To better understand the links between ovarian cancer testing, prevention and treatment, The American Journal of Managed Care® (AJMC®) spoke with Jessica Greenwood, MS, who was recently appointed Senior Director of Clinical Implementation and Innovation for Aspira Women’s Health. Greenwood discussed Aspira’s OVA1 test, which uses an algorithm to assess masses before surgery, and Genetix, which detects a woman’s risk of hereditary breast and ovarian cancer through genetic testing.
AJMC®: Can you briefly describe the society’s test for ovarian cancer and the hereditary cancer test?
Greenwood: OVA1 is our test for ovarian cancer. This is an FDA approved blood test for women with adnexal mass that uses 5 biomarkers and a proprietary algorithm to assess the risk of malignancy of this mass. The test results can help providers determine which provider should perform the surgery, which [gynecological] an oncologist or an OB / GYN, and that really leads to the most effective treatment plan for patients.
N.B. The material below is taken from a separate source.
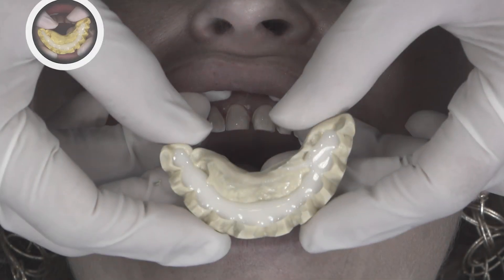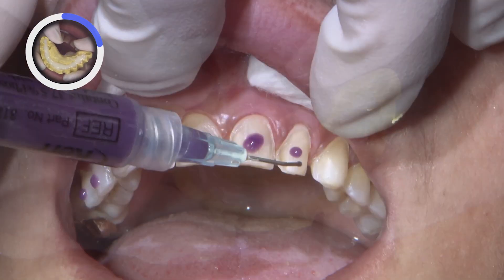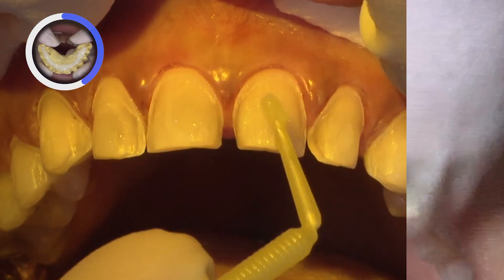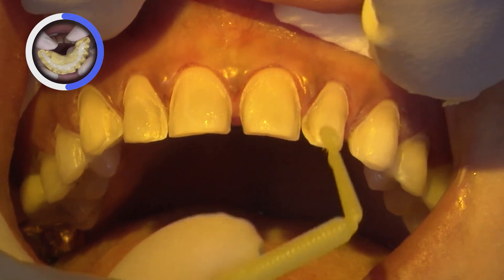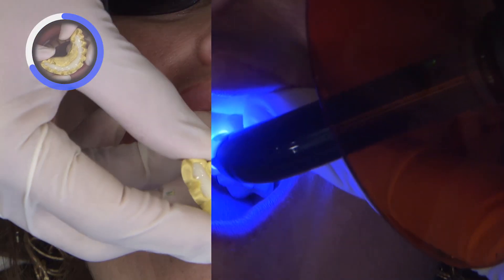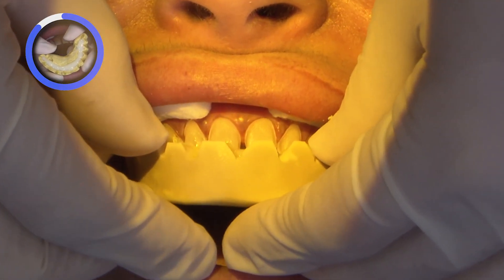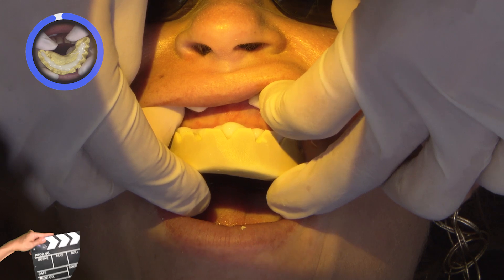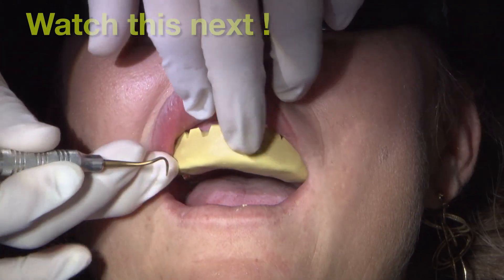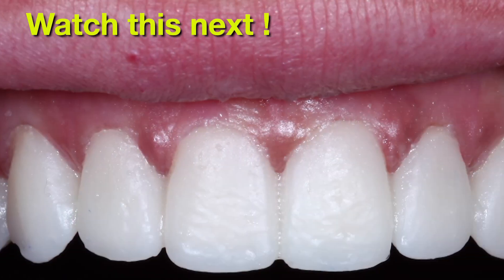For the provisionals, I'll use a shrimp rack technique using the same putty matrix that we used for the initial mock-up. I first spot etch each tooth with Kerr's 37% phosphoric acid followed by a thin coat of 3M Scotch Bond Universal, which will light cure for 10 seconds. Now I'll fill the putty matrix with tough temp bisacryl material and then slowly seat that over the teeth to minimize the inclusion of any air bubbles. With the scalloping created on the putty matrix, it's quite easy to remove the excess from the facial with an explorer or scaler.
Add to that the Aspira Genetics hereditary cancer tests. This is a multigene panel test specially designed to include genes with a known or suspected associated risk of breast and gynecological cancers. These gynecological cancers include not only ovarian cancer, but also cancer of the endometrium or the cervix. So this panel includes genes like BRCA1/2, as well as all the Lynch syndrome genes, but also some lesser known genes such as ATM or BRK1 or P10.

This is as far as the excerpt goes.